With increasing criticism locally that the United Nations is out to get Israel, more than 120 Israeli high school pupils gathered Sunday to try to improve their understanding of that body and its image here, in the first convening of the Israel Model UN.
"Our rationale for creating this model UN was to create a better image of the United Nations in Israel, where there is a serious misunderstanding of the organization," said Rony Adam, Director of the UN's Department for Political Affairs. "We need to improve the image of the UN in Israel and the image of Israel in the UN."
The UN passed a series of controversial resolutions slamming Israel for human rights practices recently, and many of the 120 pupils involved in Sunday's model UN read up on these resolutions in preparation for their roles in the model assembly.
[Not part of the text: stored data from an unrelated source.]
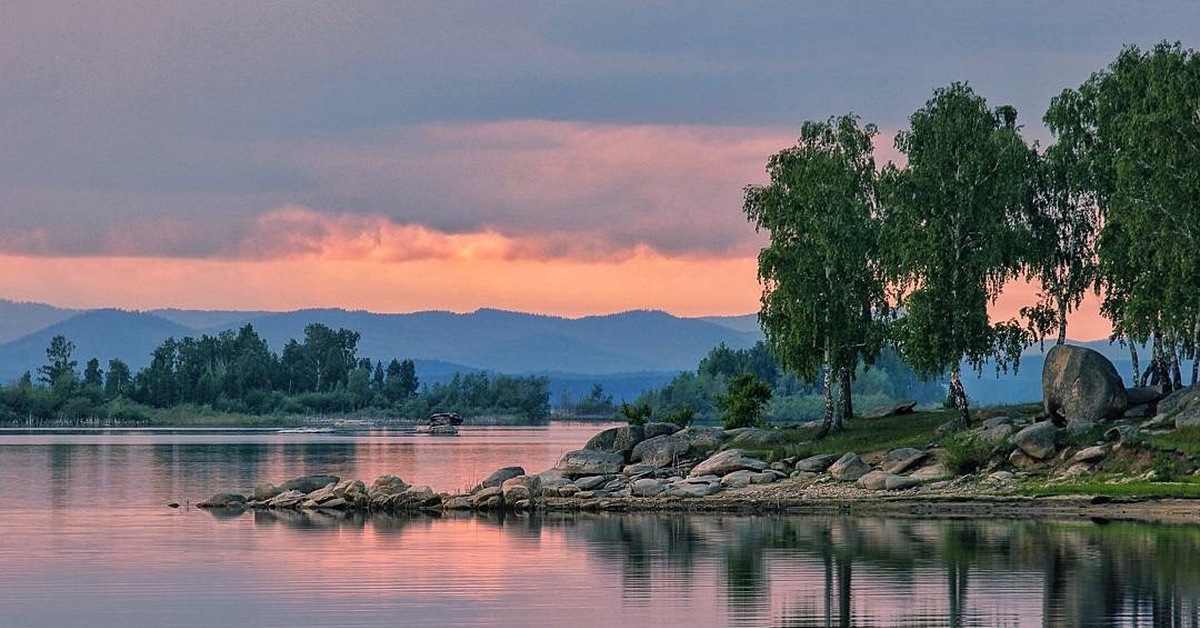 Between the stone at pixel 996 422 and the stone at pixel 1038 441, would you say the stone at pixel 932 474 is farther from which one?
the stone at pixel 996 422

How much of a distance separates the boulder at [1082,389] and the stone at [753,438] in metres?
15.3

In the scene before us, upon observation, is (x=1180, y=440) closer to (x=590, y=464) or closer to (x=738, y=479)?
(x=738, y=479)

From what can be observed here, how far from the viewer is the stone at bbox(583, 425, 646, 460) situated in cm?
9200

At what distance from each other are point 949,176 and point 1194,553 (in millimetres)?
36430

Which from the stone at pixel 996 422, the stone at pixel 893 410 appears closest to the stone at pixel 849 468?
the stone at pixel 996 422

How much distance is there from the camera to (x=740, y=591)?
44.8 m

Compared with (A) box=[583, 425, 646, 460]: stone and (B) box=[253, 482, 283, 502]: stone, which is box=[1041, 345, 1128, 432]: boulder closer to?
(A) box=[583, 425, 646, 460]: stone

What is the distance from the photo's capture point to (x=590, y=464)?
286 feet

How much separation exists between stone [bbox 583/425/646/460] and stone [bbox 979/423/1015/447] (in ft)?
68.1

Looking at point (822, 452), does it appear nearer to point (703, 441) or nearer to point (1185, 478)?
point (703, 441)

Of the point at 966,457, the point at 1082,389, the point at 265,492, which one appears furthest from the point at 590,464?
the point at 1082,389

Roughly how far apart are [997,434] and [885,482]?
634cm

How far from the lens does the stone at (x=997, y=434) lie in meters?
75.8

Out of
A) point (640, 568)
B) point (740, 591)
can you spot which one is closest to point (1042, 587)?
point (740, 591) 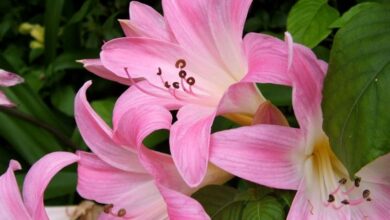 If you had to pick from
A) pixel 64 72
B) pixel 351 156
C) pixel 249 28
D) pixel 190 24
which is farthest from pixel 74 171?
pixel 351 156

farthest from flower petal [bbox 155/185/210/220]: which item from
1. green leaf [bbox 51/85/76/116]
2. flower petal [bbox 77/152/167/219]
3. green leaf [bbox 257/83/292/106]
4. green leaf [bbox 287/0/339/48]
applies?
green leaf [bbox 51/85/76/116]

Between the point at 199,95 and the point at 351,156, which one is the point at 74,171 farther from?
the point at 351,156

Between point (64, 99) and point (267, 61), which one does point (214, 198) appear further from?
point (64, 99)

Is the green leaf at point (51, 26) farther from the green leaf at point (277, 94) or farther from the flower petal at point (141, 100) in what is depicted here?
the flower petal at point (141, 100)

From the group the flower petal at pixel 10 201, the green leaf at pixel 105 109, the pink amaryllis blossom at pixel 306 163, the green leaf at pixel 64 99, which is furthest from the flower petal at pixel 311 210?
the green leaf at pixel 64 99

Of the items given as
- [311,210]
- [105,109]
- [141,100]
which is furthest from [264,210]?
[105,109]

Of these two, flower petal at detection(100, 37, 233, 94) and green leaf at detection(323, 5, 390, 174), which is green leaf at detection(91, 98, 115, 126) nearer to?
flower petal at detection(100, 37, 233, 94)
"The model UN is a great way to get young people involved in current events," said Roi Anteby, who held the role of president of the General Assembly. Anteby has been involved in model UN since his sophomore year of high school, and last year traveled to New York to take part in a UN leadership conference. "It makes us look at the situation here and try to find creative diplomatic ways to improve the conflict."
The 16 to 17-year-old pupils, who came from seven schools across Israel, were assigned to represent 18 UN member states. On Sunday, they took part in a mock general debate of the United Nations General Assembly, and then broke up into several United Nations committees, among them the Security Council, the Economic and Social Council, the Committee for Human Rights, the Environment Committee and the Committee for Disarmament and International Security.
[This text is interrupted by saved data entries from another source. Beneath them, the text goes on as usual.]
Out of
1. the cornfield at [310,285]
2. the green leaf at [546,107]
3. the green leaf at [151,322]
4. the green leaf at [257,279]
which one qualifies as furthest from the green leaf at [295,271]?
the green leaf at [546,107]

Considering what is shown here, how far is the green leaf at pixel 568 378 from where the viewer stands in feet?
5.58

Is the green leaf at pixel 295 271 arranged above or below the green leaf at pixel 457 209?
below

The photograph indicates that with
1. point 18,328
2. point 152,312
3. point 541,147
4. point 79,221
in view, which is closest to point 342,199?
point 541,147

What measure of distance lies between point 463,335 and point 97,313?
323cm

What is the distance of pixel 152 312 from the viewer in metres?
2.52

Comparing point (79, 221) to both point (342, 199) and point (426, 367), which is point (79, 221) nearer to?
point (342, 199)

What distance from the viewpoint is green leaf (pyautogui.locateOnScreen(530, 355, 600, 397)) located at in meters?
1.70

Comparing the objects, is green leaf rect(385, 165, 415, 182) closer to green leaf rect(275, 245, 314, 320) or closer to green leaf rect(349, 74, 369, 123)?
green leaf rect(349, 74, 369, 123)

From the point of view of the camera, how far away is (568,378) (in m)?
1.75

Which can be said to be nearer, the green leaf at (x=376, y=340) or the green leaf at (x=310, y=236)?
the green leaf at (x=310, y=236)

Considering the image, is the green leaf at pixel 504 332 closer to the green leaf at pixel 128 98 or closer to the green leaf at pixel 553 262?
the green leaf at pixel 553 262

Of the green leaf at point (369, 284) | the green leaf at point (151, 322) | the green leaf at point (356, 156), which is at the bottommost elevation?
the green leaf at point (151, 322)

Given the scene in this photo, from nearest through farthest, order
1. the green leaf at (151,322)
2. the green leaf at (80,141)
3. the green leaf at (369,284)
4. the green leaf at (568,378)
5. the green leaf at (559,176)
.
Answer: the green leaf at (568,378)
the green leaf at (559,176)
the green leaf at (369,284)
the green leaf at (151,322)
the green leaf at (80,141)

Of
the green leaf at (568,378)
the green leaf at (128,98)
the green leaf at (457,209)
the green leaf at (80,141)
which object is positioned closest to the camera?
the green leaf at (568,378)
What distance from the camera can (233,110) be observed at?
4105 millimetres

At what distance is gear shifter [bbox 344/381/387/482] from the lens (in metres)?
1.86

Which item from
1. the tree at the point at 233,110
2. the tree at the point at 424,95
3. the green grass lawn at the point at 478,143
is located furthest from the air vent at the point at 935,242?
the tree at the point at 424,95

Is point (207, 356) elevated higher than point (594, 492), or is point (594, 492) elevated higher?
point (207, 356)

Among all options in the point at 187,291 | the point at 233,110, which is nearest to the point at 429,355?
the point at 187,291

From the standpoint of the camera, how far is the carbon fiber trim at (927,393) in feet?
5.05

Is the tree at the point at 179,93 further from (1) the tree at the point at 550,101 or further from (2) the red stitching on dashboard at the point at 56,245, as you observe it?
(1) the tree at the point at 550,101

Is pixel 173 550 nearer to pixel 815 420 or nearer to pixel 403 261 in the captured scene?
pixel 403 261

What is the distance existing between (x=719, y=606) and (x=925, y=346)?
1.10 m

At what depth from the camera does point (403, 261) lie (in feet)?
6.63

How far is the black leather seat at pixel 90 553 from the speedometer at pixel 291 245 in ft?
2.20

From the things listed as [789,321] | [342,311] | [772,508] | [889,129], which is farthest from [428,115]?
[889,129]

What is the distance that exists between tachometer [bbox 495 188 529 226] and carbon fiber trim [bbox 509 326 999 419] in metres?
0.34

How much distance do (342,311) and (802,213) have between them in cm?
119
Organizers said that the most in-demand countries, North Korea, Iran, and Sudan, interested pupils because they represented dramatic conflicts. Other countries chosen to participate in the model were Israel, Syria, Ghana, Japan, the United States, Italy, India, the United Kingdom, Egypt, Panama, South Africa, Russia, China, Venezuela and France.
"I really wanted Iran because I thought it would be very dramatic, and very interesting to represent," said Yair Tocatly, a junior at the Hebrew University High School in Jerusalem, who represented the Iranian ambassador at the General Assembly. "I had to say a lot of things that I don't believe in, and it was strange because at one point I found myself getting so into it that I almost believed my argument."
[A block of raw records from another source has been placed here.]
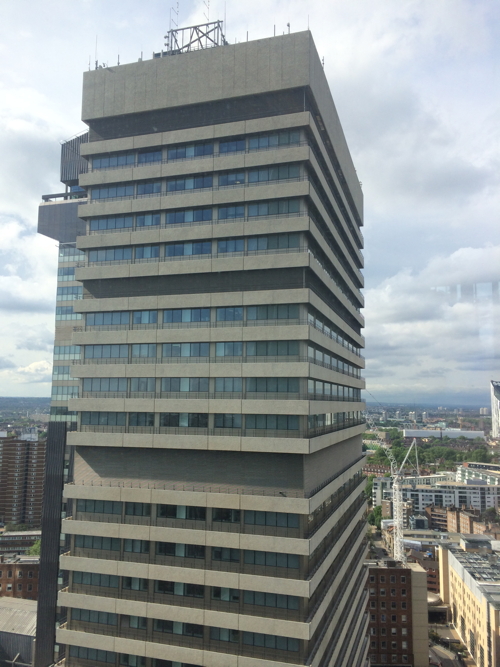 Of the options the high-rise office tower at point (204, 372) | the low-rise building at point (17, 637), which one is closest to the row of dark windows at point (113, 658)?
the high-rise office tower at point (204, 372)

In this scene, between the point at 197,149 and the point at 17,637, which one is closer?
the point at 197,149

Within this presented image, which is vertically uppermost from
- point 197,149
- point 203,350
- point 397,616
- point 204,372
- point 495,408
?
point 197,149

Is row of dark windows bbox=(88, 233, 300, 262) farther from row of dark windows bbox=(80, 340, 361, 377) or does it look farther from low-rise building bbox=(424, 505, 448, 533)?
low-rise building bbox=(424, 505, 448, 533)

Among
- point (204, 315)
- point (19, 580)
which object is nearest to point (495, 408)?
point (19, 580)

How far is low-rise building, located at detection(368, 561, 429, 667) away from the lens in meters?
88.6

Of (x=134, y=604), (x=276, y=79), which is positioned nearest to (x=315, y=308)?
(x=276, y=79)

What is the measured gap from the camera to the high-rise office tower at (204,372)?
3506 cm

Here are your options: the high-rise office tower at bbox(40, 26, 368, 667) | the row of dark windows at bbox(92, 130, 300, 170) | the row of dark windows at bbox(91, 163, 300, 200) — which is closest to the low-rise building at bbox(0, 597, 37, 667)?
the high-rise office tower at bbox(40, 26, 368, 667)

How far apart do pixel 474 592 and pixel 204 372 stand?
80.3 metres

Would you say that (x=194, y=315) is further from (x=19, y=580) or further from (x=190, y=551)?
(x=19, y=580)

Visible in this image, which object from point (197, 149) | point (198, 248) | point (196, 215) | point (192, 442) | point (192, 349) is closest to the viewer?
point (192, 442)

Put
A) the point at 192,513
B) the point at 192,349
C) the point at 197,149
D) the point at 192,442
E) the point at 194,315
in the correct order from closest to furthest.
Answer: the point at 192,513
the point at 192,442
the point at 192,349
the point at 194,315
the point at 197,149

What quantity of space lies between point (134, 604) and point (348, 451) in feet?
96.1

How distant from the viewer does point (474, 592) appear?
294 feet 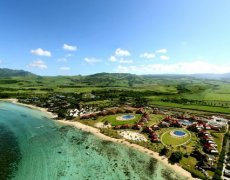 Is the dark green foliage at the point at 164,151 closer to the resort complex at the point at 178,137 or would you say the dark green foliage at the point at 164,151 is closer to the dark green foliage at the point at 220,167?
the resort complex at the point at 178,137

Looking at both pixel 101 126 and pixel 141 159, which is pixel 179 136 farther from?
pixel 101 126

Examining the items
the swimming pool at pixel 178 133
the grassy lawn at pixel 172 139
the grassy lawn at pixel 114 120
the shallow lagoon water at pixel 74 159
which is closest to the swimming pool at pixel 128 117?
the grassy lawn at pixel 114 120

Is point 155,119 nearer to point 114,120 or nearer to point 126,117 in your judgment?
point 126,117

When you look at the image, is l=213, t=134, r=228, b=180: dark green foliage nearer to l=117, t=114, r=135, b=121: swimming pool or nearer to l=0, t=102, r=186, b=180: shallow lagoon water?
l=0, t=102, r=186, b=180: shallow lagoon water

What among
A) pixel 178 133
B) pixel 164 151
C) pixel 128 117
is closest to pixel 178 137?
pixel 178 133

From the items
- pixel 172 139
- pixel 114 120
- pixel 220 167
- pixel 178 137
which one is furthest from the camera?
pixel 114 120

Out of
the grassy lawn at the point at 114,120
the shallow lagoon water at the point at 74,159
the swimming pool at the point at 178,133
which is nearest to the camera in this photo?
the shallow lagoon water at the point at 74,159

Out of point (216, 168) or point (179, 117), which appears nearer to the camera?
point (216, 168)

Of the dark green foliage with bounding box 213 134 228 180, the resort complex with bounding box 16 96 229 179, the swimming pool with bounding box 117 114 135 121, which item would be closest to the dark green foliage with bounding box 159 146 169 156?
the resort complex with bounding box 16 96 229 179

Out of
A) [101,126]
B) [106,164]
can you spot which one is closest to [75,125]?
[101,126] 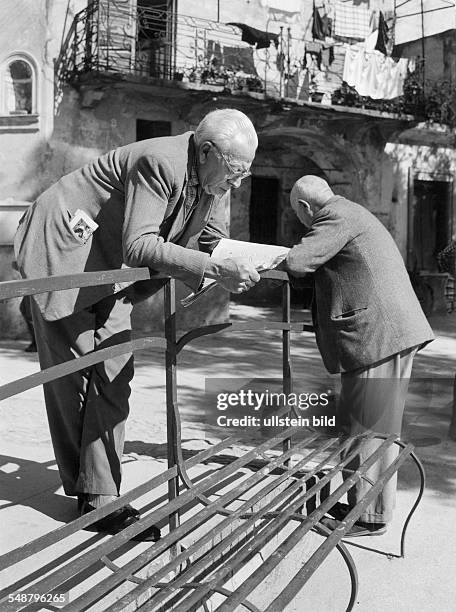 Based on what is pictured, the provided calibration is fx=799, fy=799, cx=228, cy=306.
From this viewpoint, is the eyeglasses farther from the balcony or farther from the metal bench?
the balcony

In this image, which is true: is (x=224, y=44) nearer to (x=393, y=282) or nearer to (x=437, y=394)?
(x=437, y=394)

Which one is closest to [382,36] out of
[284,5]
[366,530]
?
[284,5]

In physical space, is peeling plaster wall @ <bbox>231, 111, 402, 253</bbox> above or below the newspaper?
above

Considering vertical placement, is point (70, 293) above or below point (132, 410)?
above

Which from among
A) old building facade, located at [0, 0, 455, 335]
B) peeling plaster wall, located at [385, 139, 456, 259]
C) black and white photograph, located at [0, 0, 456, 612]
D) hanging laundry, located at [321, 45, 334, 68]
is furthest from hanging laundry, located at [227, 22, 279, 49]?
black and white photograph, located at [0, 0, 456, 612]

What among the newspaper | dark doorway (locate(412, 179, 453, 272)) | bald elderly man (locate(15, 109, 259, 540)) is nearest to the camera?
bald elderly man (locate(15, 109, 259, 540))

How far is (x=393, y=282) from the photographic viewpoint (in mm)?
3561

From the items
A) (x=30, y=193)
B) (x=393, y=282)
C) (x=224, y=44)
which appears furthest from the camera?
(x=224, y=44)

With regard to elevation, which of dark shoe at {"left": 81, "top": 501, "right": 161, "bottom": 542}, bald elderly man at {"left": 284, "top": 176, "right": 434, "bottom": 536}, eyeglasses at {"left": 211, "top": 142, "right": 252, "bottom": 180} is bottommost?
dark shoe at {"left": 81, "top": 501, "right": 161, "bottom": 542}

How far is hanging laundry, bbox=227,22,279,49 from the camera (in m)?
13.6

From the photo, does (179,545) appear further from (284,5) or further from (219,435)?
(284,5)

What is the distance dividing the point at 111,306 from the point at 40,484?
1.07 meters

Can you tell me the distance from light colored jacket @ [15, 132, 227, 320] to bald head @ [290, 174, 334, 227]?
0.65 meters

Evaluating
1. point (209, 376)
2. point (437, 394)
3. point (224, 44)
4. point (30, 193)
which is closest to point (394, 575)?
point (437, 394) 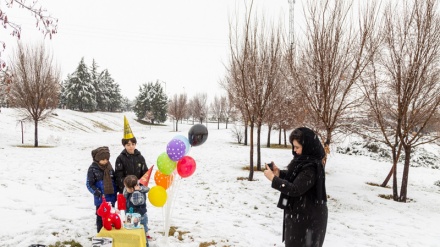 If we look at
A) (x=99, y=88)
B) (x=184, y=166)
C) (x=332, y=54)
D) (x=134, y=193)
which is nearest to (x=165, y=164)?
(x=184, y=166)

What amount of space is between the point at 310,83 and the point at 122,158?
21.6 feet

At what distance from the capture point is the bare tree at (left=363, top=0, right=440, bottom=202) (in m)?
8.33

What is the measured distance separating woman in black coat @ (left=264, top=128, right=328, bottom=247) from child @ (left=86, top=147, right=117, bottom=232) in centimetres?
298

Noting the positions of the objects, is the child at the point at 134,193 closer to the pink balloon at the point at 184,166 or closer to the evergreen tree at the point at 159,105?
the pink balloon at the point at 184,166

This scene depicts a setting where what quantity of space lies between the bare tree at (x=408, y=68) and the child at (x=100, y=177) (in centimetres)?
856

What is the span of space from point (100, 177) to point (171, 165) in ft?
4.05

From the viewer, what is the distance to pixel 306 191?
9.47 ft

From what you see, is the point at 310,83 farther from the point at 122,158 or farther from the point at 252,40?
the point at 122,158

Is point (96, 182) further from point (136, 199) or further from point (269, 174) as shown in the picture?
point (269, 174)

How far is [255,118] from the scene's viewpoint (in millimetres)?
11438

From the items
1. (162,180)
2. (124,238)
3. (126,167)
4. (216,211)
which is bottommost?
(216,211)

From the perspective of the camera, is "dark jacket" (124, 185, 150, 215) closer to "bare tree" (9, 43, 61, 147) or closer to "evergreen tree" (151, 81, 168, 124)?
"bare tree" (9, 43, 61, 147)

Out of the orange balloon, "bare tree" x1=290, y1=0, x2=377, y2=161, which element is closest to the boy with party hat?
the orange balloon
Tocatly added that some of the preparation, such as reading Iran's speeches to the UN, was difficult for him as he strongly disagreed with the views.
"I represented Sudan last year in New York, which was hard because human rights is important for me and Sudan tramples human rights any time they can," said Daniel Gal, who this year played the role of undersecretary-general. "We had to learn to lie through our teeth, but that is what happens in the real world. Sudan is lying through their teeth about human rights and I had to learn how to copy that."
Miri Marmur, who was the secretary-general, said that the experience was partly a theater workshop, with pupils learning how to act the part of countries with whom they disagreed with in real life.
"Pupils learn the value of transparency when they have to represent countries that they know lie," she said. "We really get into the grit of politics."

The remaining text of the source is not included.